# Project 3

## GDP per capita change and General Election results

- **Dataset(s) to be used:** [United States General Election Presidential Results by District and County from 2008 to 2024](https://github.com/tonmcg/US_County_Level_Election_Results_08-24)
- **Second dataset:** [Per capita personal income by County from 2020 to 2023](https://apps.bea.gov/itable/?ReqID=70&step=1&_gl=1*1q1ezha*_ga*MTYwMzEwNjAxOC4xNzMzNDIyODE0*_ga_J4698JNNFT*MTczMzQyMjgxMy4xLjEuMTczMzQyMjg5NC40Mi4wLjA.#eyJhcHBpZCI6NzAsInN0ZXBzIjpbMSwyOSwyNSwzMSwyNiwyNywzMF0sImRhdGEiOltbIlRhYmxlSWQiLCIyMCJdLFsiTWFqb3JfQXJlYSIsIjQiXSxbIlN0YXRlIixbIlhYIl1dLFsiQXJlYSIsWyJYWCJdXSxbIlN0YXRpc3RpYyIsIjMiXSxbIlVuaXRfb2ZfbWVhc3VyZSIsIkFBR1IiXSxbIlllYXIiLFsiLTEiXV0sWyJZZWFyQmVnaW4iLCIyMDIwIl0sWyJZZWFyX0VuZCIsIjIwMjMiXV1)
- **Analysis question:** What was the effect of growth rates in GDP per capita on the change in preference for Republican candidates between 2020 and 2024 at a County level? 
- **Columns that will (likely) be used:**
  - per_gop: Percentage of vote for Republican candidates
  - diff_gop (calculated column): Change in the percentage of vote for Republican candidates from 2020 to 2024
  - gdppc: Per capita personal income compound annual growth rate from 2020 and 2023
- **Columns to be used to merge/join them:**
  - General Election results data, merge on county fips code [county_fips]
  - Per capita personal income data, merge on county fips code [Geo_Fips]
- **Hypothesis**: 
  - [H0]: There is no effect of GDP per capita compound annual growth rates on the change in preference for Republican candidates between 2020 and 2024
  - [H1]: There is a significant negative relationship between GDP per capita compound annual growth rates on the change in preference for Republican candidates between 2020 and 2024
- **Site URL:** [Jali's website](https://project-3-jalipacker.readthedocs.io/en/latest/)

In [None]:
import pandas as pd
import plotly.express as px
import statsmodels.api as sm
import matplotlib.pyplot as plt

import plotly.io as pio
pio.renderers.default = "vscode+jupyterlab+notebook_connected"

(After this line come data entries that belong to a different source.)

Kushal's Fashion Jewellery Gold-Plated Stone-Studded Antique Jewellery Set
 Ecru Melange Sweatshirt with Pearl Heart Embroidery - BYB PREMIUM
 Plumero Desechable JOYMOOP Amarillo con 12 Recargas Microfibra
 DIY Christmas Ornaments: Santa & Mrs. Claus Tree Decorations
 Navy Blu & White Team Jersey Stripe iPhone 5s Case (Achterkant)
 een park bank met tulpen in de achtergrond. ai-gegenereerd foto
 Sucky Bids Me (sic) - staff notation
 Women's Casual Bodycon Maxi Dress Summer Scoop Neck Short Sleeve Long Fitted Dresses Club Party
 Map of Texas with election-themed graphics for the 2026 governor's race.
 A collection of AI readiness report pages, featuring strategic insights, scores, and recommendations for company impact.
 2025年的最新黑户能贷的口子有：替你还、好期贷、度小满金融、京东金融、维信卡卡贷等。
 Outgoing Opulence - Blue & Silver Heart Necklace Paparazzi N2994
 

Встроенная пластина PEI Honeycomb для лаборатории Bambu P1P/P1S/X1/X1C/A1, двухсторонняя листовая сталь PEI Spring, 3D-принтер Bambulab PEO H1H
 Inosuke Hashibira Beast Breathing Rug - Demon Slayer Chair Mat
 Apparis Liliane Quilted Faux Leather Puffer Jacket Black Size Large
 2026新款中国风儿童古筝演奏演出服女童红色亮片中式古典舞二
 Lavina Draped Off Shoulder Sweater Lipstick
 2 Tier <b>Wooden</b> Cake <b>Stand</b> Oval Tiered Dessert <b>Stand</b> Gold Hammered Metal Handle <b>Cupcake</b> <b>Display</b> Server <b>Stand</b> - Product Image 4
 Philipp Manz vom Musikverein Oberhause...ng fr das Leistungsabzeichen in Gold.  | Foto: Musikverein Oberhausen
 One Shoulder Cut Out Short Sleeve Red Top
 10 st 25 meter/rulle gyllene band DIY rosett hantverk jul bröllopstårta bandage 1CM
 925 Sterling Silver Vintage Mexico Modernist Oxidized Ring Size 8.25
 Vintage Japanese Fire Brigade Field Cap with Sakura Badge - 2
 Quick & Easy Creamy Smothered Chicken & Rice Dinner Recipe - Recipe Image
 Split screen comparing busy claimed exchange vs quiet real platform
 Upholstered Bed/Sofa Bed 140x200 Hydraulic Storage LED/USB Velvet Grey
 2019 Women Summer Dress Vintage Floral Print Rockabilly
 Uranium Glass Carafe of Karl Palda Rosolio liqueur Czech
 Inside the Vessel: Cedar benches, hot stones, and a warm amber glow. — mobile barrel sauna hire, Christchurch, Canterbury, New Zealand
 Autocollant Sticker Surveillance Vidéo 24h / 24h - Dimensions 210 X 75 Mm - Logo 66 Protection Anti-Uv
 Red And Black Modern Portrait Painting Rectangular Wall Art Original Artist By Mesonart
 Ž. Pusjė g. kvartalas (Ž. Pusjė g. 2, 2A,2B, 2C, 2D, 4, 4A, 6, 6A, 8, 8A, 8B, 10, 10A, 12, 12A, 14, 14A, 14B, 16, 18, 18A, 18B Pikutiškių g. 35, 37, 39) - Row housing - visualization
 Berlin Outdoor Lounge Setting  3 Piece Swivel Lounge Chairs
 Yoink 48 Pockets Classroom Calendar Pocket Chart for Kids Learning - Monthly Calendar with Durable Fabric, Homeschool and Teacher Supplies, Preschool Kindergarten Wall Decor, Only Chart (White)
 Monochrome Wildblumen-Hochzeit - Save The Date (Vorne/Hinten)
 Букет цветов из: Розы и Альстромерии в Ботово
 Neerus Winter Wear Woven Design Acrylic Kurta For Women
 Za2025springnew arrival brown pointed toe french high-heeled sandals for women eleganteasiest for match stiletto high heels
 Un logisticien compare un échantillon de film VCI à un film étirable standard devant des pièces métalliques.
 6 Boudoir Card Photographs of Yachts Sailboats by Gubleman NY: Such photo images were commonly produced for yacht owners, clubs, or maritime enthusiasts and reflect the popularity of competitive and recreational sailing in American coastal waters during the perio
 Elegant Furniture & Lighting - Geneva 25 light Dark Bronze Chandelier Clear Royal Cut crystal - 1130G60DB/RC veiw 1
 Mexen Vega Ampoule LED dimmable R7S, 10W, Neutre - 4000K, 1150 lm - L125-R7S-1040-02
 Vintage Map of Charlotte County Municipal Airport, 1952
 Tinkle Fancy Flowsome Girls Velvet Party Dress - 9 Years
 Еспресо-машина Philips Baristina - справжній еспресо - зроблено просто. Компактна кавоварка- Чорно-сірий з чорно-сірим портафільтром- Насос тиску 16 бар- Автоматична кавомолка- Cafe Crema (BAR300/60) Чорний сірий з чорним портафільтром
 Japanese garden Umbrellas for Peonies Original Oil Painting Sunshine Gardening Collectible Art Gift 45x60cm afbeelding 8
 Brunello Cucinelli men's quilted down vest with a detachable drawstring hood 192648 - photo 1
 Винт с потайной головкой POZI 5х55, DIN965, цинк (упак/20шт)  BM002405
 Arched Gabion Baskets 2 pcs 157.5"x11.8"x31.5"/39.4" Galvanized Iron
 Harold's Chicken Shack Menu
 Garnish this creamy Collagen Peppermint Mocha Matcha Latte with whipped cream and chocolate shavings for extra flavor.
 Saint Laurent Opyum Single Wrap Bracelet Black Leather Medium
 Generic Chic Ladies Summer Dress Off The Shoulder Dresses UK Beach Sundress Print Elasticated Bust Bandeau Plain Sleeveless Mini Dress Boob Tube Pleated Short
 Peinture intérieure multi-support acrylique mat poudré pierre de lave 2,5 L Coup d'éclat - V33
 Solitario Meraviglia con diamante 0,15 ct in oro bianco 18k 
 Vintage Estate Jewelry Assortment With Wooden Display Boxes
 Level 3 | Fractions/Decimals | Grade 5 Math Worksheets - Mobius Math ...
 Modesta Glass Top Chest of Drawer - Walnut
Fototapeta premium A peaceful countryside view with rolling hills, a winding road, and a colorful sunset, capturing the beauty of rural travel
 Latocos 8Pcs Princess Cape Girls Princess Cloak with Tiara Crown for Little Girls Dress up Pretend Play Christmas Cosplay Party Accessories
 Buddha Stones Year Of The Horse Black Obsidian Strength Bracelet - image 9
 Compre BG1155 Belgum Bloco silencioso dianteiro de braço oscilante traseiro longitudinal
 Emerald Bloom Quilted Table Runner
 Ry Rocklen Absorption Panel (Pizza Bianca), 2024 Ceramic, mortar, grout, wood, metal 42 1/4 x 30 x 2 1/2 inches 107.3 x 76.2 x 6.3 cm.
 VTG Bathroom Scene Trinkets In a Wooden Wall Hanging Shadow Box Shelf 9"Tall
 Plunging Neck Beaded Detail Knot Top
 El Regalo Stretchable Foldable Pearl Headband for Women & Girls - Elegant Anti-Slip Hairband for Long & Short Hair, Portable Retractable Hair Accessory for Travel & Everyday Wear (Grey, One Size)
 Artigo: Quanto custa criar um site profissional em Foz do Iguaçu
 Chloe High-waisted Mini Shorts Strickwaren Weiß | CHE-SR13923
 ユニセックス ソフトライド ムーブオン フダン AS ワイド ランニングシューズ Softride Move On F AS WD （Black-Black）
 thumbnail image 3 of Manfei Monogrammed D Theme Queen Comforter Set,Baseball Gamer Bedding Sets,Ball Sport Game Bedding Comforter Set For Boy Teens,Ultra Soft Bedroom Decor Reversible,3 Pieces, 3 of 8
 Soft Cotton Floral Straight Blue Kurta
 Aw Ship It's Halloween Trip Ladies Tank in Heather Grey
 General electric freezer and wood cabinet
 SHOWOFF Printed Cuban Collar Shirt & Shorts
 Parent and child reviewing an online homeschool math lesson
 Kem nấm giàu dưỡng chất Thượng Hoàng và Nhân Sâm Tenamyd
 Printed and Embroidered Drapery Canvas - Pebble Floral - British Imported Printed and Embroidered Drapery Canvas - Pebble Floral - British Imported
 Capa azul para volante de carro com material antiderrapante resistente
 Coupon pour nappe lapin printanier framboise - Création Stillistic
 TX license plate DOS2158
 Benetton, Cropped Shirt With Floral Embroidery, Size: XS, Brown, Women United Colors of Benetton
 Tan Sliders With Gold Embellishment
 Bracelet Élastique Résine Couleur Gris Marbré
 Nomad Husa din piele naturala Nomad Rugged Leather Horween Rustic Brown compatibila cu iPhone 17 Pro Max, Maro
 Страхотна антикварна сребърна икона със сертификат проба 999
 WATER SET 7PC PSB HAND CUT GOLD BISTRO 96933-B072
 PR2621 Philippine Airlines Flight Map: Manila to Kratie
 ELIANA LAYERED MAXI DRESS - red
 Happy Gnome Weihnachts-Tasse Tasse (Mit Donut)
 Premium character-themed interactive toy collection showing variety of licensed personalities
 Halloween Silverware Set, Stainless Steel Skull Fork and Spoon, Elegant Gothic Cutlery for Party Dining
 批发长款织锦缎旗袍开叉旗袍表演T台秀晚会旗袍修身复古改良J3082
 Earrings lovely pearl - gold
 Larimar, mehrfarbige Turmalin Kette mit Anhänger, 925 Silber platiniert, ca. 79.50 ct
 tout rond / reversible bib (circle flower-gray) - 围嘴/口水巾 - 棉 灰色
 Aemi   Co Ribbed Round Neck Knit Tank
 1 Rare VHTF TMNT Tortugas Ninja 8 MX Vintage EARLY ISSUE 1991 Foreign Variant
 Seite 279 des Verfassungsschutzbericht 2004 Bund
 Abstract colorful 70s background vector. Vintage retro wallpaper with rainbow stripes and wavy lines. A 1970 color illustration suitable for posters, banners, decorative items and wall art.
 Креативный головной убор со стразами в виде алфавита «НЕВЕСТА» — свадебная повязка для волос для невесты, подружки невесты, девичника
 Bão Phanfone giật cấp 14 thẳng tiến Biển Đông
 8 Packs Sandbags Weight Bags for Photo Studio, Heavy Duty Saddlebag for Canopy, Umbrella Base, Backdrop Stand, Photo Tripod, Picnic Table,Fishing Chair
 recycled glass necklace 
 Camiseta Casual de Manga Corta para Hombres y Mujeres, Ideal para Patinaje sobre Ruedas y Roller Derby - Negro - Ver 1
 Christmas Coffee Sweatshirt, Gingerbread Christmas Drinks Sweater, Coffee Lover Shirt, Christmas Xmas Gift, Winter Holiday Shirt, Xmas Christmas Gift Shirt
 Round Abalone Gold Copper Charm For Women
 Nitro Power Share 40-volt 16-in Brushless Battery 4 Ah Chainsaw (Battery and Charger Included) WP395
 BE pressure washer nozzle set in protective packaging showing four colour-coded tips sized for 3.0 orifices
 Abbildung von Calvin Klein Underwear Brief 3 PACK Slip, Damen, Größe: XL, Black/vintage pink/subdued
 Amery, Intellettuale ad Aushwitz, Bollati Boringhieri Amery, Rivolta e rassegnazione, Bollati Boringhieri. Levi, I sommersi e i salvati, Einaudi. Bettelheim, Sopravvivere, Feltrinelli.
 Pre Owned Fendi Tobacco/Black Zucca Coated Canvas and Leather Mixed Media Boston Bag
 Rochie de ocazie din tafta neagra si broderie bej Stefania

### Introduction - Why is economic growth important to election results?
In this Project, I will explore GDP per capita change and voting preference in the United States, at the county-level. My hypothesis is that there will be a relationship between GDP per capita and voting preferences, because the economy was found to be the most important issue for Republican voters and far more important than for Democratic voters.

Given the Republican win of the General Election, the directionality of this relationship is expected to be negative: that is to say, counties which have experienced lower rates of growth in GDP per capita for the past 4 years will be more likely to vote Republican. 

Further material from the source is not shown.